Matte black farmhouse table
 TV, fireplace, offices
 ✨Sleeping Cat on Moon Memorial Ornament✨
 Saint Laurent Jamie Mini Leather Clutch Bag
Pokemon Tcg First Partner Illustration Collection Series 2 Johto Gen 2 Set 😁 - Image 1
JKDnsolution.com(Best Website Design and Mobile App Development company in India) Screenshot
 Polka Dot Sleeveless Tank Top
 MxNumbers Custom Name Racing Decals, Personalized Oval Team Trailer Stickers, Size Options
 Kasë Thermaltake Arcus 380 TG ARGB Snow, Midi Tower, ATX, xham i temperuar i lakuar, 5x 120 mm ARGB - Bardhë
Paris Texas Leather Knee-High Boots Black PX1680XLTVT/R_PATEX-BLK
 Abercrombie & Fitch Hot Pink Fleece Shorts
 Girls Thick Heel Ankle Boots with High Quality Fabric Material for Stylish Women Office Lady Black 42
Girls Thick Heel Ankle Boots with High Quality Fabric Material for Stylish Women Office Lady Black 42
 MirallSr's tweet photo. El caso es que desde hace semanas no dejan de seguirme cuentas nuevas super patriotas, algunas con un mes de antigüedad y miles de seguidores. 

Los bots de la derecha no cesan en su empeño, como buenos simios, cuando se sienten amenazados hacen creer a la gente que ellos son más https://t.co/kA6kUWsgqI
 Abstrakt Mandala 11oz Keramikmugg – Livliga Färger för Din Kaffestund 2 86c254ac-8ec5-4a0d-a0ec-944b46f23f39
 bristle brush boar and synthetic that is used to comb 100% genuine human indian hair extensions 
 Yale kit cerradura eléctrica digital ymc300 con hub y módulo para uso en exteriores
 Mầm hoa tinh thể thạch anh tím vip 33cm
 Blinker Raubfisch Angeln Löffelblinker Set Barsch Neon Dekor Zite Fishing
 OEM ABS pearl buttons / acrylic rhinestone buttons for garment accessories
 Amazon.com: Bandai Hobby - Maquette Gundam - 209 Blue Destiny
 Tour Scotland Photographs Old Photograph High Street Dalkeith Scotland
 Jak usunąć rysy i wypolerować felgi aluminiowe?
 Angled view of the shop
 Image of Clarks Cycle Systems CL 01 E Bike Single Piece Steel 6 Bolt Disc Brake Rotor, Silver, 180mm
=======
**What you have to do**
Each line above that has the word "Material" must be copied.

**Output of the task**
 Girls Thick Heel Ankle Boots with High Quality Fabric Material for Stylish Women Office Lady Black 42
Girls Thick Heel Ankle Boots with High Quality Fabric Material for Stylish Women Office Lady Black 42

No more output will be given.